We downed Shannox relatively early on Thursday evening. It wasn't too bad, but it was kind of messy. We managed to do it with only the death of 5 people? Including both tanks I think. Heh. I'm not sure what happened there honestly.
He dropped my offhand but I only rolled a 16 so my favorite shadow priest won it with a ... 19. It will drop again. I know it!
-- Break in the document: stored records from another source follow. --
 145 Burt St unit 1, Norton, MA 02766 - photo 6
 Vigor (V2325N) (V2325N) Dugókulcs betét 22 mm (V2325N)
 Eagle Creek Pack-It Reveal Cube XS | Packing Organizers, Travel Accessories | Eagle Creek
We then headed towards Lord Rhyolith but didn't have much success with the steering. My darling husband and I had a disagreement about a few things and I got all huffy at him. (I love having my raid leader be my husband. I can argue with him and no one can hear me!!) I did end up logging off angry and going to bed mad at him over something really stupid. But whatever. That's marriage. I was fine the next morning and able to see that I was not completely rational the night before. The funny thing was that we were discussing things in the officer channel and I got pissy at the husband there and my best friend is like "Woah, I'm not getting in the middle of this argument" and stopped talking to us. So I took my argument to the verbal arena.
I spent my weekend playing my 'baby' hunter off and on. She's level 75 now and she JUST got the heirloom bow last night. Yeah. I know. A waste of JP. But I have a rogue who is level 72 who can use it too. I don't 'get' hunters. I just send my pet in and arcane shot. I don't know if that's how you 'do' it but it works for me.
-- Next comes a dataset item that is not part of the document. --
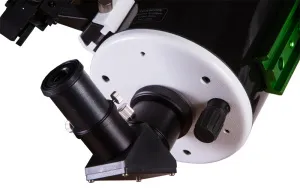 Телескоп Sky-Watcher MAK127 AZ-GTe SynScan GOTO, изображение 11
In non-WoW news, my doctor put me on a new medication to stabilize my moods. I started it on Friday night and now I'm just waiting for it to kick in. Could take a few days or a couple of weeks. I can't wait to be back to 'normal'. Where I get upset or joyous over things that make sense and not because of a random whim. I'm only mentioning this because I may be a bit slow on updating since I only want to blog when I'm feeling decent. When I'm down, I feel like no one reads this and no one cares. Which is probably true but I need to write anyway. And maybe there's a audience out there somewhere!